As the NZ immigration website says, if you have job offer you have better chances to get direct residence visa.

Now, i have got in touch with NZ employer who is wiling to hire me, but after i get PR, as he is not willing to sponsor. 

Now, can i claim points for job offer. what exactly NZ Immigration means when they say job offer, does it need to be a certain level company having specific turnover or ?
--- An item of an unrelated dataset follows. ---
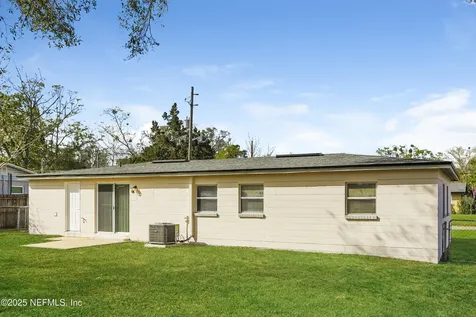 8360 Red Holly Lane Jacksonville FL 32221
what documents immigration dept ask for when processing PR in respect of job offer.

Thanks for Help


----------



## jawnbc (Apr 28, 2012)

nzmigration said:


> Hi,
> 
> As the NZ immigration website says, if you have job offer you have better chances to get direct residence visa.
> 
> ...


The job offer aspect of migration to NZ has differ levels. Here's a brief synospis:

1.) An employer that hires staff from overseas frequently as an Approved Employer. Their skilled work job offers, for jobs on the Long Term Skills Shortages (LTSS) list, count towards points.

2.) An employer not pre-approved can offer a job to someone whose occupation is on the LTSS. Not as many points

3.) An employer wishing to offer a job to a non-NZ resident or citizen would need to have this approved--demonstrating, for example, that no qualified persons already in NZ lawfully could perform the work.

#3 might be what he meant by sponsorship?


----------